- Associated Press - Saturday, May 31, 2014

RICHMOND, Va. (AP) - Edgar Allan Poe was 3 years old the first time he met John Mackenzie, a local kid who would become a lifelong friend.

Mackenzie was 6. He’d broken his arm in December of 1811 and doctors, fearing it wouldn’t properly heal, had told his parents to keep him away from boys his own size.

So Poe, whose sister Rosalie was living with the Mackenzie family after their mother died, became his playmate.

One day, Mackenzie, to pass the time, told the younger boy a fairy tale. Poe repeated it back, but built on it by adding some of his own embellishments.

Thus began a game of literary one-upmanship and was the first sign that the little boy - described in letters as “a lovely little fellow” who was “charming everyone by his childish grace, vivacity and cleverness” - might have a gift for spinning a tale.

“Here we have the earliest evidence of Edgar’s extraordinary imagination,” said Richard Kopley, an Edgar Allan Poe scholar and professor at Penn State University, DuBois.

“The spirit of verbal competition apparent here anticipates his later successfully capping Latin verses in school and, as a professional writer, winning short story contests.”

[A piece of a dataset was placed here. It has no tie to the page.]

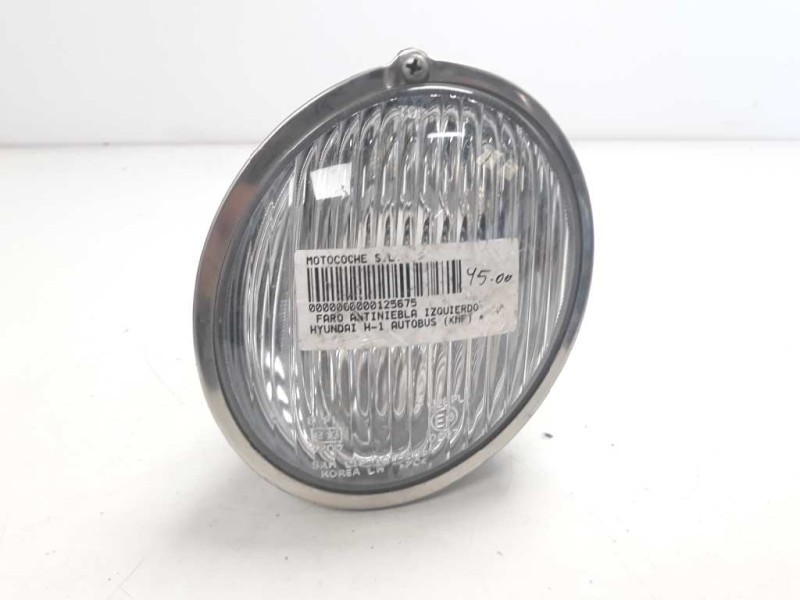 Recambio de faro antiniebla izquierdo para hyundai h 1 referencia OEM IAM 922014AXXX HN9224414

Kopley was at the Poe Museum in Richmond in May to discuss two recently discovered stories about the writer’s childhood here. The collection of letters was linked, through distant relatives, to Mackenzie.

The first was about meeting Mackenzie. The second was about how Poe, at 16, wrote the poem “Oh, Tempora! Oh, Mores!” to drive Robert Pitts, a clerk, out of town.

Kopley has spent decades studying Poe and his work. The two stories shedding light on Poe’s early life is the result of finding some previously undiscovered letters.

The recent talk is one of the ways the museum is looking to educate on Poe’s life and helping explain that the writer’s legend is different from the reality.

Poe has been seen as a dark, brooding, haunted man who died drunk in a gutter but has transcended time with his terrifying stories.

But in his day, Poe was known as a prankster and was such a star in later years that crowds followed him down the street.

He is credited with creating the detective and science fiction story, inspired Jules Verne, and held a one-sided feud, in print, with Henry Wadsworth Longfellow.

And in his death, which remains shrouded in mystery and legend, he was praised around the world as an American master.